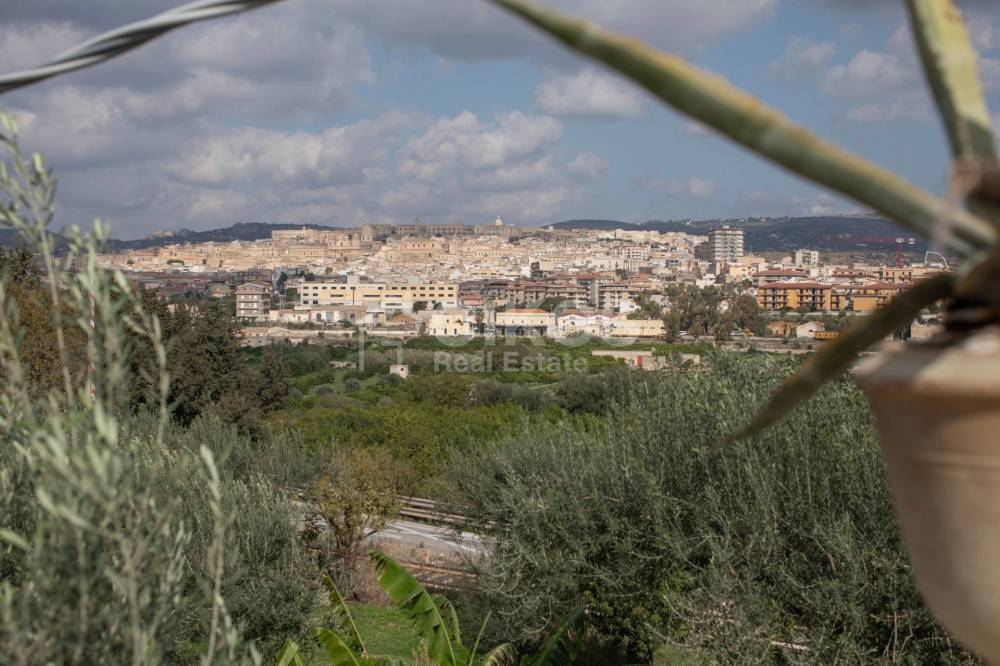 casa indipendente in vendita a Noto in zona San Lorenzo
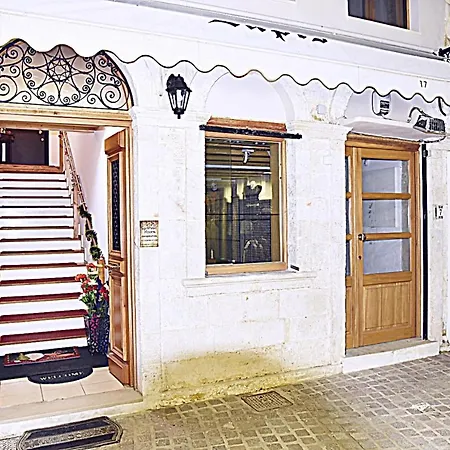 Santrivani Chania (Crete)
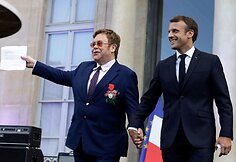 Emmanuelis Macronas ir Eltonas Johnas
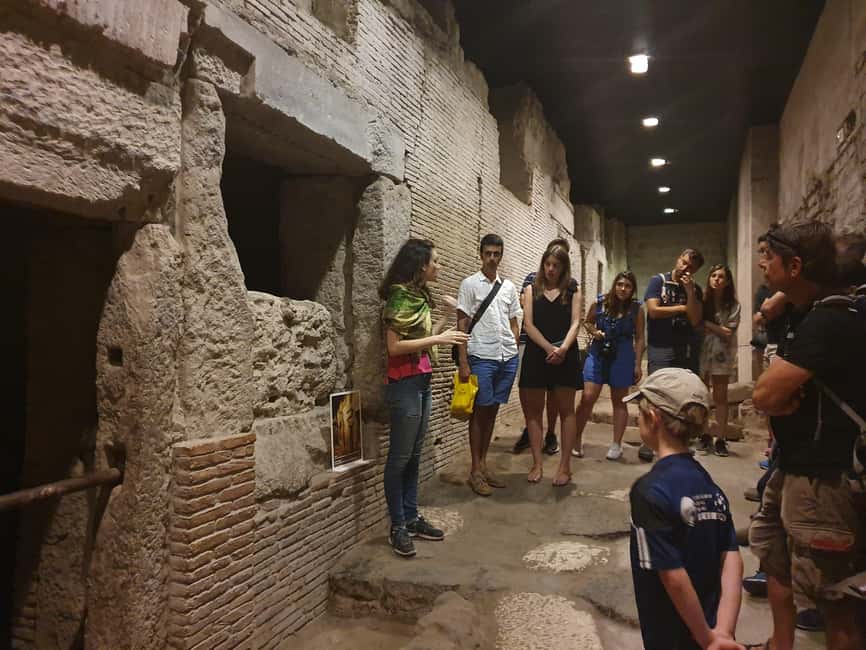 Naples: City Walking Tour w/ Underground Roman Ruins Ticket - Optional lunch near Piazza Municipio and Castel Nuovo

Work request:
All of the lines above must be repeated without alteration, though the pictures are to be excluded.

Problem solution:
 casa indipendente in vendita a Noto in zona San Lorenzo
 Santrivani Chania (Crete)
 Emmanuelis Macronas ir Eltonas Johnas
 Naples: City Walking Tour w/ Underground Roman Ruins Ticket - Optional lunch near Piazza Municipio and Castel Nuovo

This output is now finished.